— REQUIRED WORK —
Begin at the line containing "МП-4042 Закладная (Ø4,2мм) L=65,6мм" and restate it and each line after it exactly, up to and including the last line below. Leave pictures out.

(DATASET RECORDS Opens)

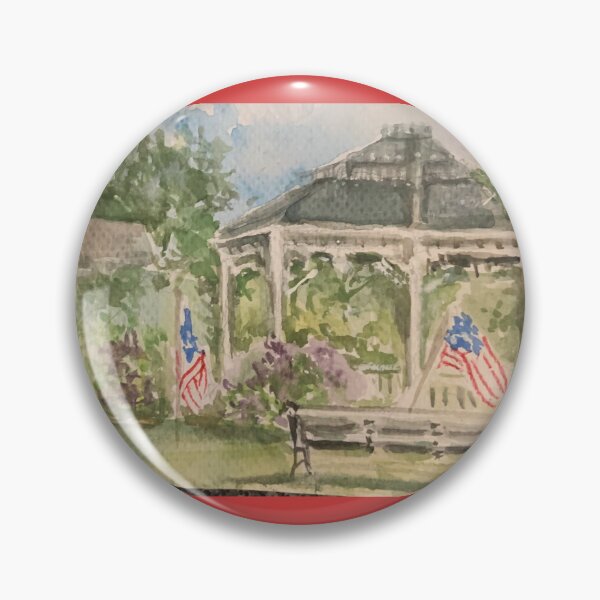 Item preview, 4th of July Gazebo designed and sold by paintingsbyk.
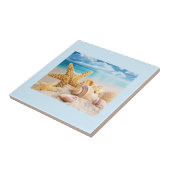 Schelpen op het strand tegeltje (Zijkant)
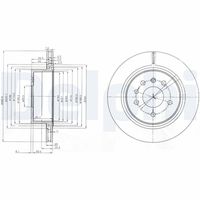 DELPHI BG4043 - Disco de freno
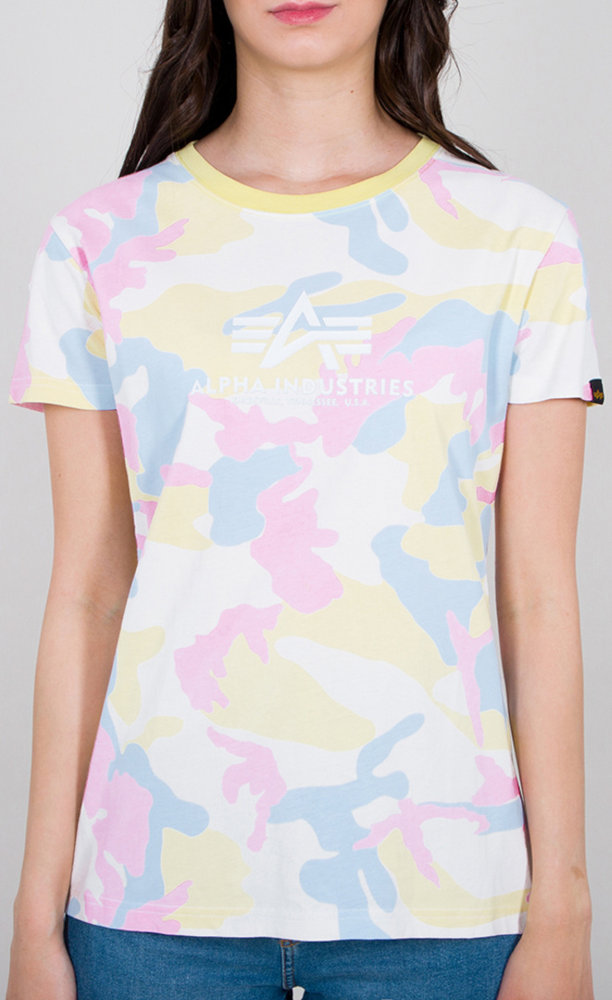 Alpha Industries New Camo Basic Ladies T-Shirt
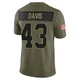 Malik Davis Dallas Cowboys ＃43 Limited Youth Olive 2025 Salute to Service Jersey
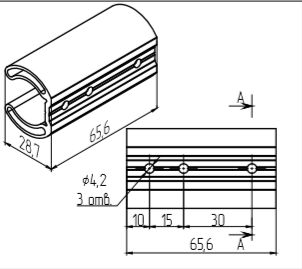 МП-4042 Закладная (Ø4,2мм) L=65,6мм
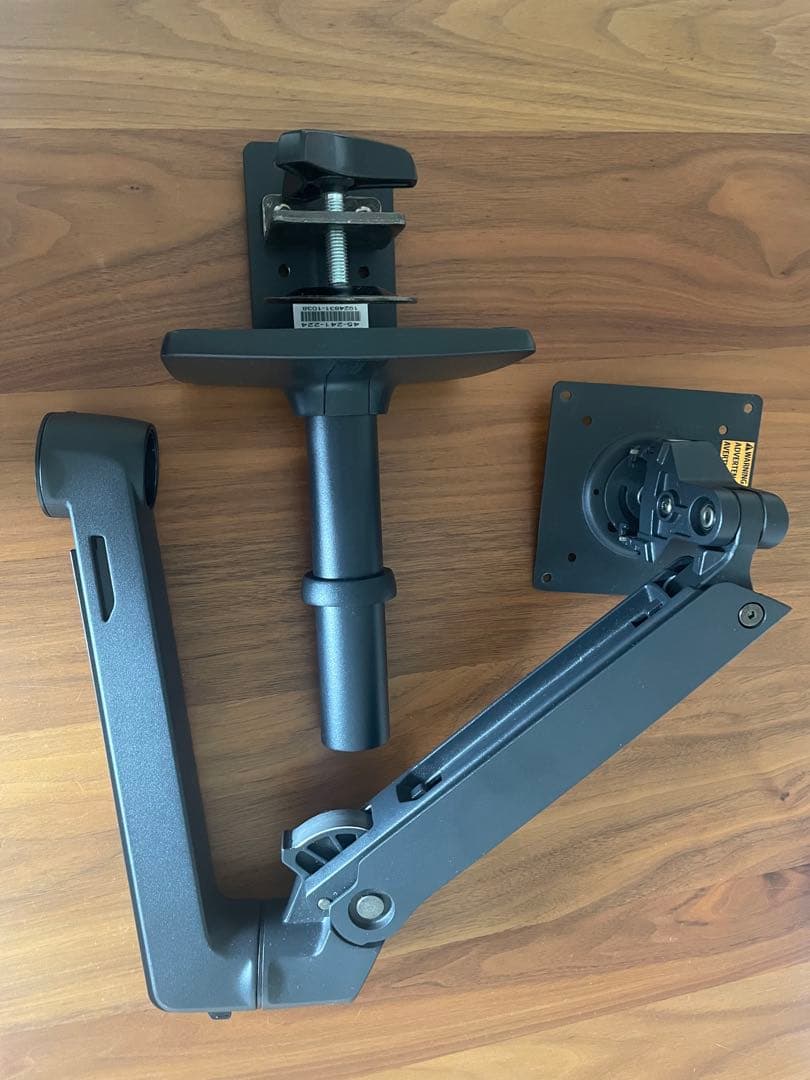 エルゴトロン LX デスク モニターアーム マットブラック 34インチ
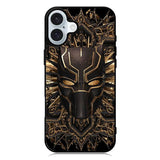Black Panther W iPhone 16 Case QC7204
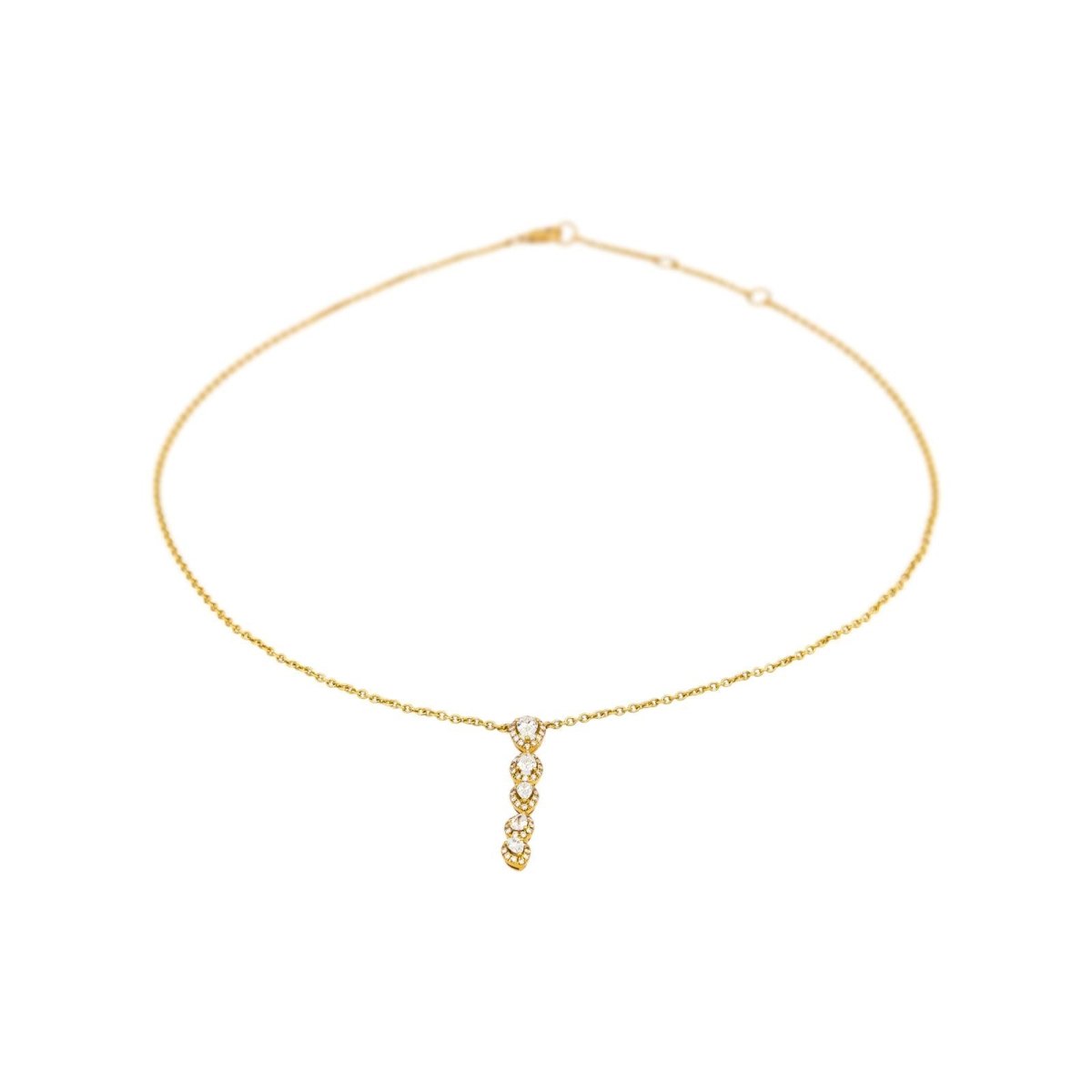 Collier Or jaune Diamant - Castafiore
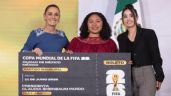 Foto ilustrativa de la nota titulada: México vs Sudáfrica: Sheinbaum entrega el boleto 00001 del Mundial 2026; ¿quién ganó?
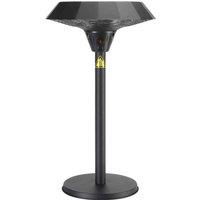 Shadow Diffusion Table-top 2.0kW Patio Heater w/ Remote - Black, Black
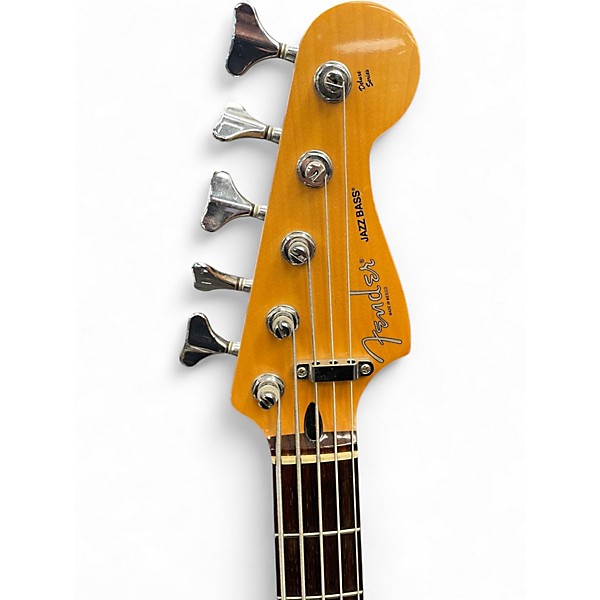 Used Fender Deluxe Jazz Bass V 5 String Vintage Natural Electric Bass Guitar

(DATASET RECORDS Closes)

— RESPONSE BOX —
 МП-4042 Закладная (Ø4,2мм) L=65,6мм
 エルゴトロン LX デスク モニターアーム マットブラック 34インチ
Black Panther W iPhone 16 Case QC7204
 Collier Or jaune Diamant - Castafiore
 Foto ilustrativa de la nota titulada: México vs Sudáfrica: Sheinbaum entrega el boleto 00001 del Mundial 2026; ¿quién ganó?
 Shadow Diffusion Table-top 2.0kW Patio Heater w/ Remote - Black, Black
 Used Fender Deluxe Jazz Bass V 5 String Vintage Natural Electric Bass Guitar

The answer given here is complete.